Kaled, 30 anni, è in attesa di un permesso da diversi mesi. Il suo datore di lavoro l'ha già minacciato più volte di licenziamento: «Io non posso chiedere giorni di permesso per recarmi in Questura - racconta -. Quando l'ho fatto ho rischiato. Mi era stato detto che sarei stato licenziato se non avessi risolto questa questione al più presto. Lavoro in nero, al mio datore sta bene, e io ho paura di essere espulso». «Con questa situazione - ci dice Claudio Pagano, operatore dello sportello sarnese - anche noi non riusciamo a fare il nostro lavoro. Molti cittadini stranieri si sentono presi in giro. Si erano affidati a noi ma noi oggi non possiamo far altro che limitarci all'informazione socio-legale». Poi ci sono in casi in cui si sbaglia la pratica. Come è successo a Aicha, 43 anni, residente a San Valentino Torio con il suo bambino. Aveva ricevuto informazioni errate sulla competenza delle Questure. Così ha iniziato a vagabondare fra quella di Napoli e Salerno. «Andavo a Napoli e mi dicevano che il mio datore di lavoro era di Salerno quindi dovevo recarmi lì - spiega la donna. Solo che a Salerno mi dicevano l'esatto contrario. Alla fine ho prodotto la documentazione necessaria. Nel 2002 ho presentato la pratica. Dopo quasi un anno il mio permesso non era pronto. Quando poi si è trovata la pratica si è scoperto che il mio permesso non solo già pronto ma scaduto da due mesi. Ora sono ancora in attesa del rinnovo».

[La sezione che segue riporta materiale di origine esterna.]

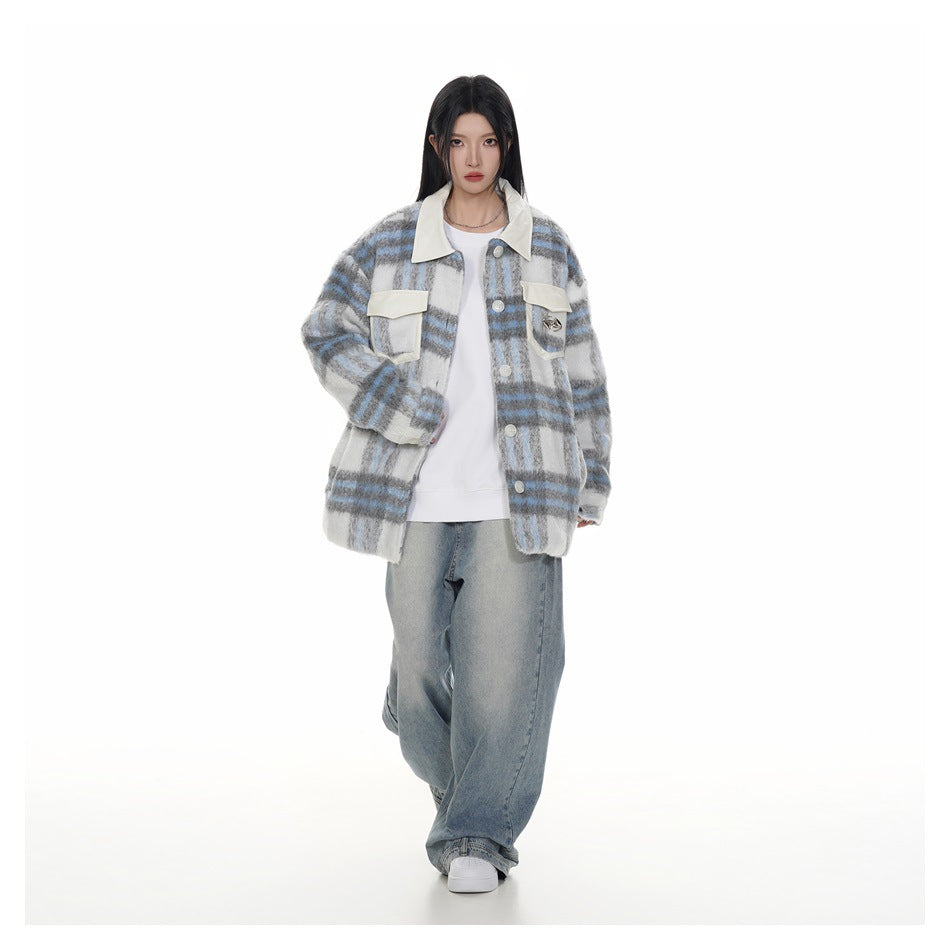 Model wearing an open gray, white and blue plaid jacket over a white top with loose blue jeans.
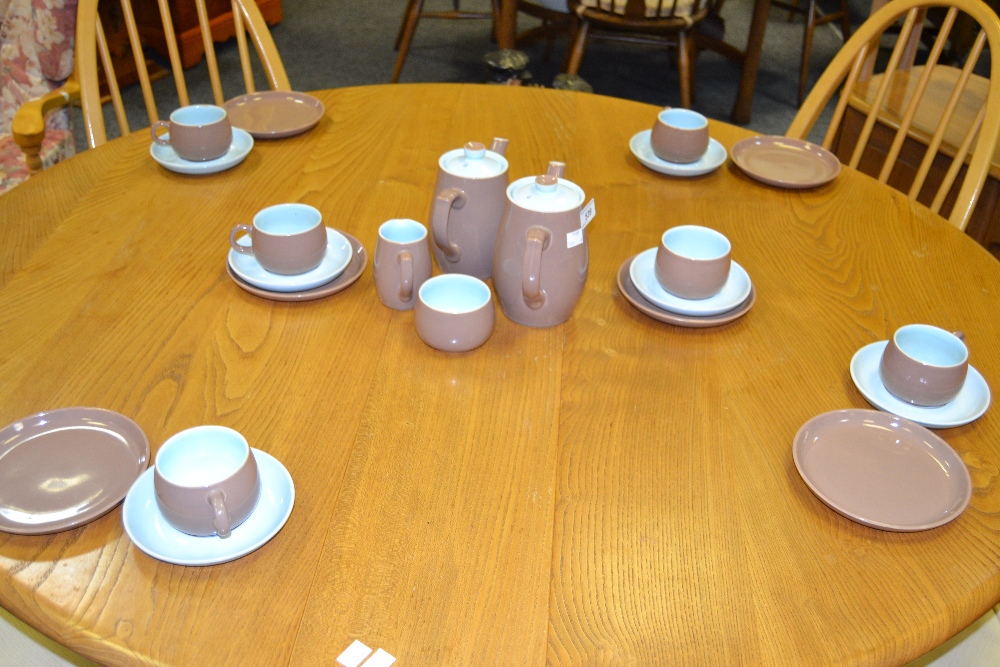 A Langley six-setting coffee service, chocolate ground with powder blue interior,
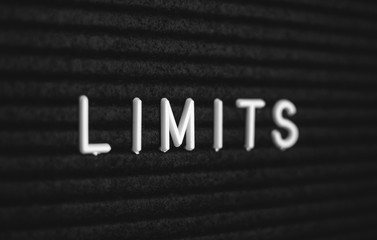 Word limits written on the letter board. White letters on the black background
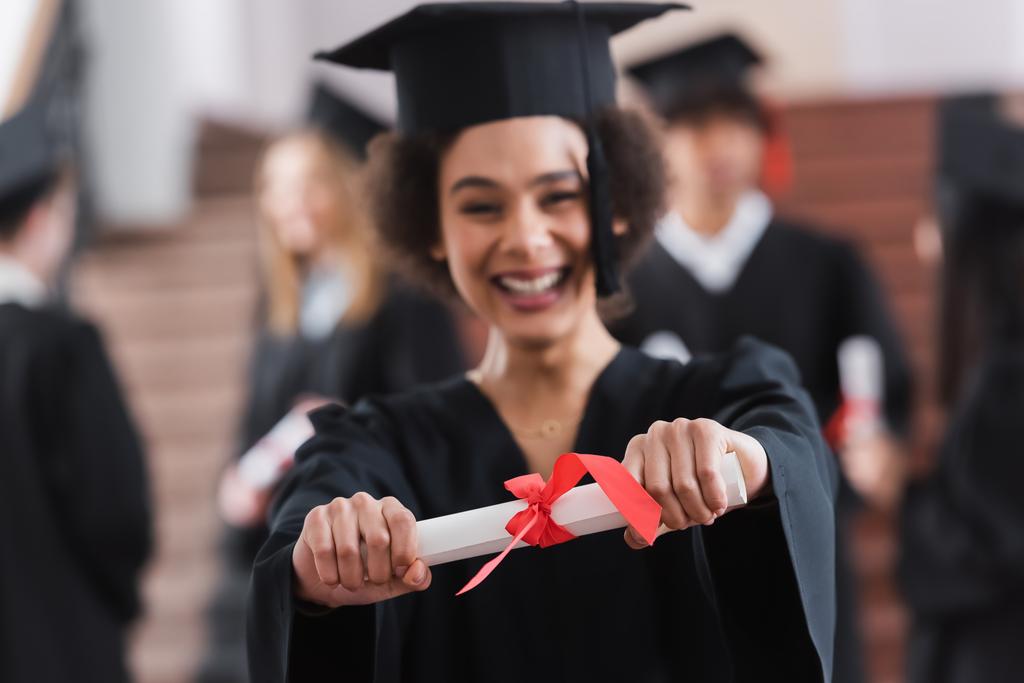 Diploma met lint in handen van vrolijke Afrikaans-Amerikaanse student op wazig achtergrond  - Foto, afbeelding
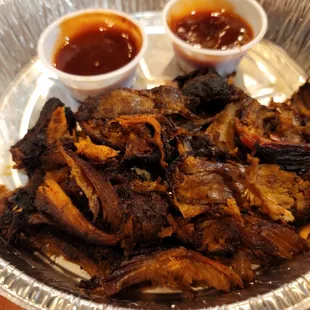 a plate of ribs and sauces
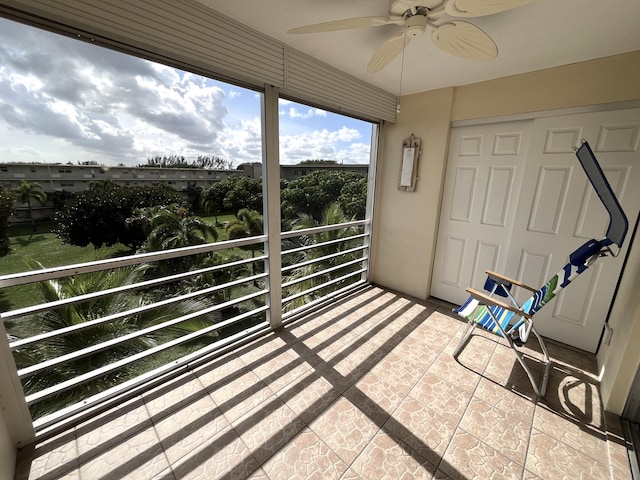 sunroom / solarium featuring ceiling fan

Casi del genere se ne verificano non solo nella zona nord della provincia ma anche a Sud, in paesi come Eboli, Sala Consilina. Il fenomeno è identico. È una fortuna avere già il permesso da queste parti. «La maggioranza dei nostri concittadini ha già il permesso ma per chi arriva in Italia e vuole restarci i problemi sono davvero troppi» conferma Amadu Wade, rappresentante della comunità senegalese a Salerno. La soluzione? Decentralizzare il servizio sembra essere la strada maestra da seguire. Informare i cittadini sullo stato della pratica è un obbligo a cui i funzionari dovrebbero attenersi. Intanto Alì, nel centro dell'Asi, continua a leggere le sue carte e le pratiche da fare. Tira fuori un commento, preso chissà dove ma perfetto per l'occasione: «L'immigrazione, come tutti i fenomeni sociali, se non viene governata finisce per governare se stessa creando tessuti sociali precari e senza legami, fondati sull'illegalità».